Cyril Teste, en ce jour de générale, joue avec le flou ; ce qui est de l'ordre de la répétition, ce qui n'en est plus et la mise en abyme du théâtre dans le théâtre, de la célébrité qui joue la célébrité. Fidèle à son terrain de jeu, Teste s'amuse avec rigueur des plans filmés : ce qu'il retiendra, ce qu'il oubliera, nul ne le saura vraiment, pas même son collectif. Un flou pour le moins enchanteur. Adjani qui n'avait pas foulé les planches de théâtre depuis bien longtemps brille de par sa beauté féline mais également par son jeu si sensible, si intense. Son regard larmoyant happe. Bien qu'elle soit la tête d'affiche, elle est discrète, n'impose rien. Morgan Lloyd Sicard et Frédéric Pierrot touchent par leur justesse et désemparement. La nièce de la vedette fait quelques apparitions. C'est à elle qu'a été attribuée le rôle de Nancy, la disparue.

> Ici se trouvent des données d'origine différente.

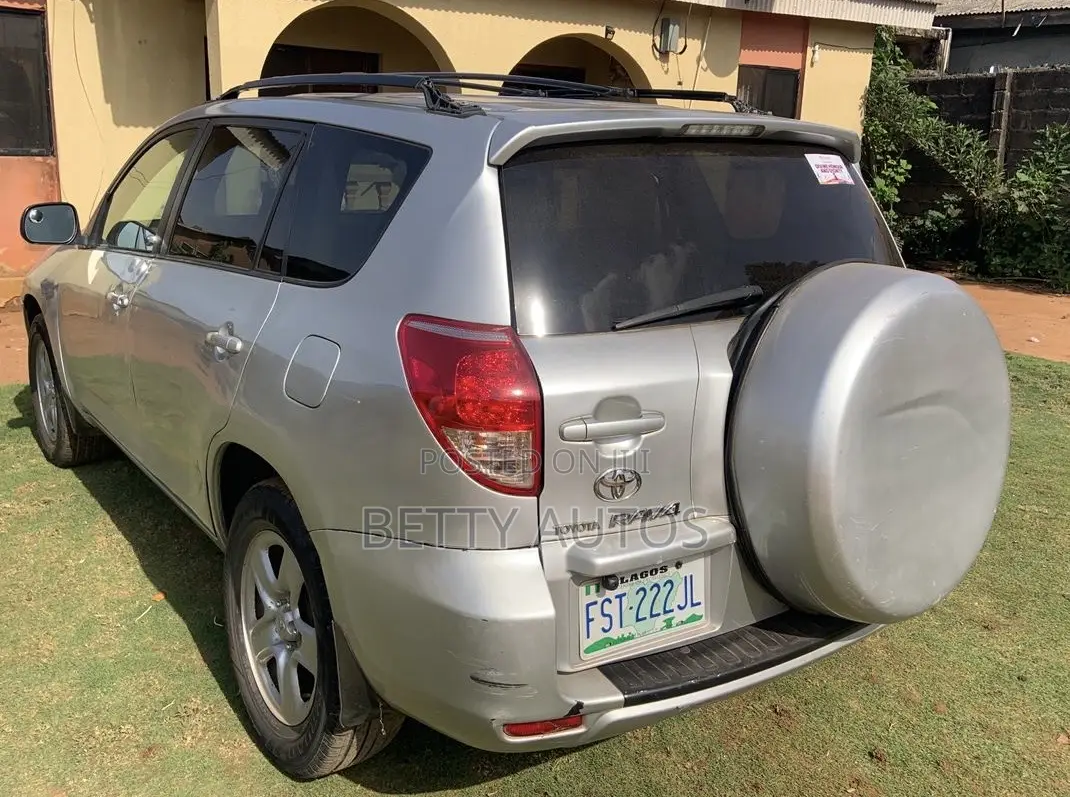 Toyota RAV4 2008 Silver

Bien sûr, dès lors que chaque représentation sera unique, on serait tentés de s'y rendre chaque soir et de découvrir ce qui a été modulé. Mais ne serait-ce pas là casser la part de surprise ? Le noir et blanc à l'écran ne montre pas le passé, il s'ancre dans le moment présent fugace. Le tonnerre d'applaudissements de ce soir-là n'est pas démérité.








Cap au pire @Théâtre Athénée - Louis Jouvet, le 19 Avril 2019


© Pierre Grosbois
Lentement et en silence, il entre sur le plateau. Ses pieds sont nus. Il se poste sur cette unique dalle lumineuse. On distingue ses traits, ses mains et rien d'autre. Denis Lavant nous accueille avec son timbre de voix si singulier. Cap au pire mis en scène par Jacques Osinski se révèle être une performance de haute voltige. Plus personne ne bouge, pas un seul battement de cil, Denis Lavant captive immédiatement.

Le public est en équilibre avec le comédien. Ses silences, la variation des intonations, chaque son est un mouvement risqué, un instant fragile. Comme si tout pouvait s'écrouler si l'homme de théâtre osait, par malheur, quitter la dalle. Bras le long du corps, Lavant est immobile. Seule sa bouche, à peine visible, s'anime. Dans le fond, les quelques petites lueurs de Catherine Verheyde apparaissent telles des lucioles orangées dans la nuit. Le rythme est lent et les respirations sont déstabilisantes. Équivoque, le texte de Beckett est complexe, sombre et Lavant envoûte en offrant une véritable performance linguistique.